Wuerhosaurus is a genus of stegosaurid dinosaur from the Early Cretaceous Period of what is now China. It was one of the last genera of stegosaurs known to survive, since most others died out during the Late Jurassic Period.
The type species, W. homheni, was described by Dong Zhiming in 1973 from the Tugulu Group in Xinjiang, western China. The specimen is known from a fragmentary skeleton lacking a skull. A second individual, W. ordosensis, which was found in the Ejinhoro Formation in the Ordos Basin in Inner Mongolia, and was described by the same researcher in 1993, consisted of fossil fragments including part of the tail bone.

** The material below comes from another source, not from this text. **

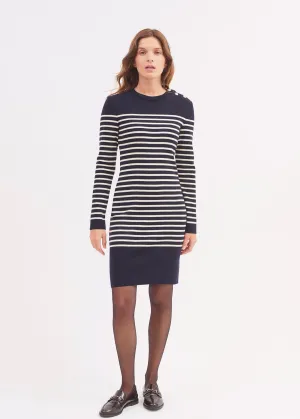 Grande Marée striped jumper dress - in wool, shoulder buttoning (NAVY/ECUME)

In 2008, Susannah Maidment and colleagues proposed that Wuerhosaurus should be considered a junior synonym of Stegosaurus, thus changing the type species to S. homheni, and the second specimen to S. ordosensis.

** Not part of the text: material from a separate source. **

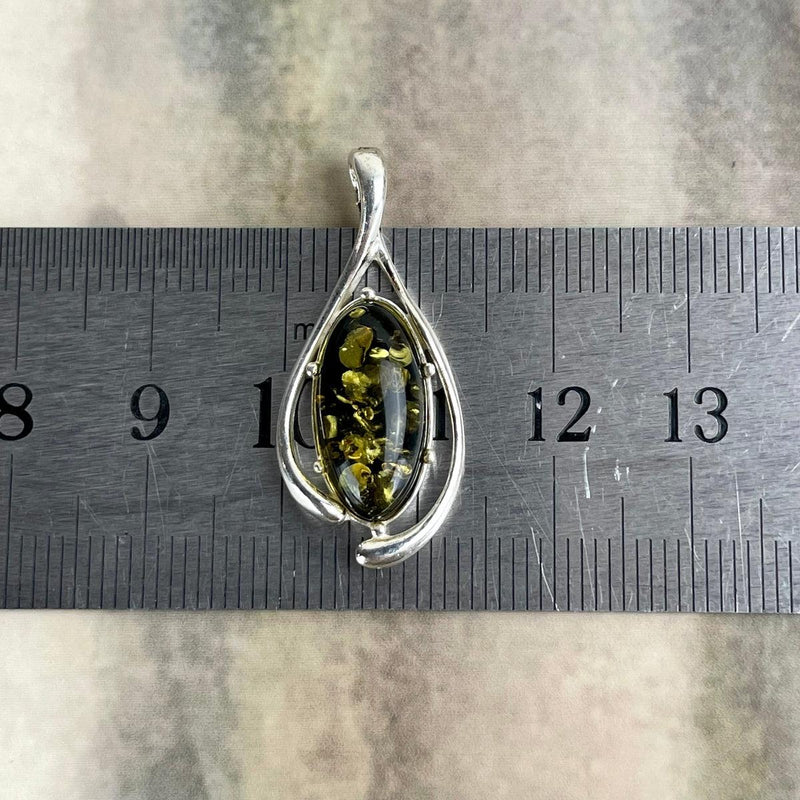 Yellow Black Amber Pendant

Wuerhosaurus is thought to have been a broad bodied animal close to 20 feet long, but since only a few fragmentary bones have been found, making a full restoration is difficult. Its dorsal plates were much rounder than other stegosaurids. It stood lower to the ground than most other stegosaurids. Scientists theorize that this would have been adaptation to let it feed on low-growing vegetation. Like other stegosaurids, Wuerhosaurus had a thagomizer on the end of its tail, which featured four bony spikes most likely used for self defense.